[Opening Input section]

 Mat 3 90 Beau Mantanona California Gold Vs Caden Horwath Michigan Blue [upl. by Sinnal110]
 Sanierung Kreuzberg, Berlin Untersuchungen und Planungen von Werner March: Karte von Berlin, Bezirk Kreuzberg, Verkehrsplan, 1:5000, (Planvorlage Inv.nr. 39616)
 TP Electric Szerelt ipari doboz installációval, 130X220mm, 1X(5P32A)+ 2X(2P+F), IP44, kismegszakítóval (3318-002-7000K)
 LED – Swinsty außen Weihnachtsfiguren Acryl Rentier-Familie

[Closing Input section]
[Opening Input section]

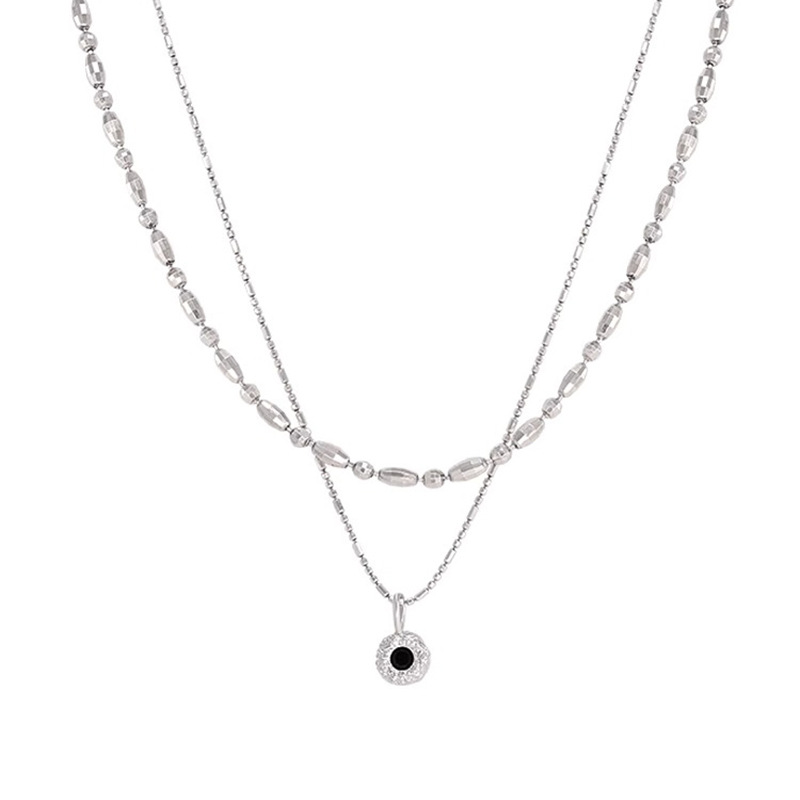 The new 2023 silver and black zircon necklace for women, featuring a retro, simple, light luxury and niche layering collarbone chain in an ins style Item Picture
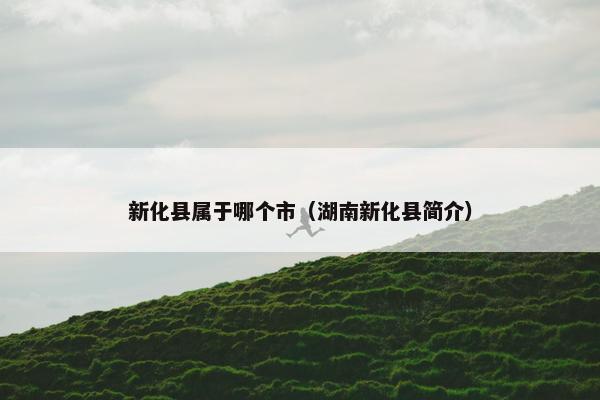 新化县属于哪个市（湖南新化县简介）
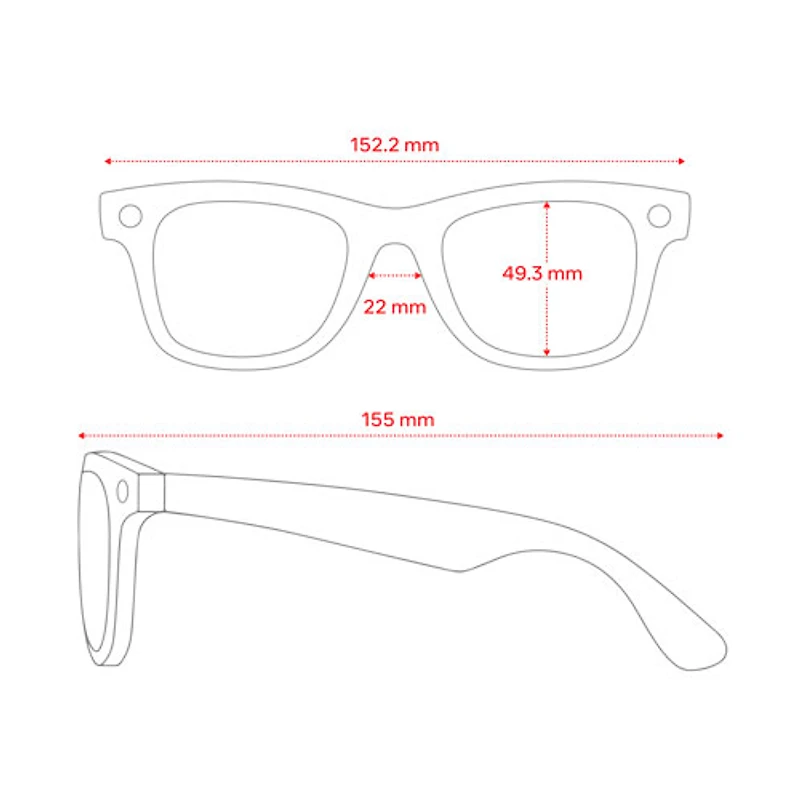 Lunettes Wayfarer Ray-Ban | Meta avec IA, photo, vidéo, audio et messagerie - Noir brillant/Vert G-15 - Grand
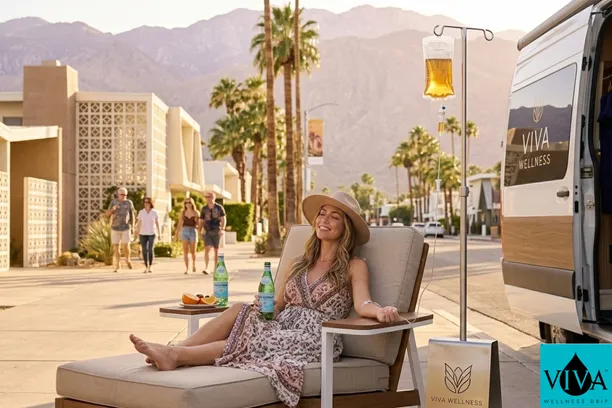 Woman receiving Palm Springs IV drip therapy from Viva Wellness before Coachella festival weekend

[Closing Input section]

**What you should do**
Text only, no pictures: please print exactly the lines above from the line with "The new 2023" up to and including the line with "Woman receiving Palm", and nothing else.

**Written solution**
 The new 2023 silver and black zircon necklace for women, featuring a retro, simple, light luxury and niche layering collarbone chain in an ins style Item Picture
 新化县属于哪个市（湖南新化县简介）
 Lunettes Wayfarer Ray-Ban | Meta avec IA, photo, vidéo, audio et messagerie - Noir brillant/Vert G-15 - Grand
 Woman receiving Palm Springs IV drip therapy from Viva Wellness before Coachella festival weekend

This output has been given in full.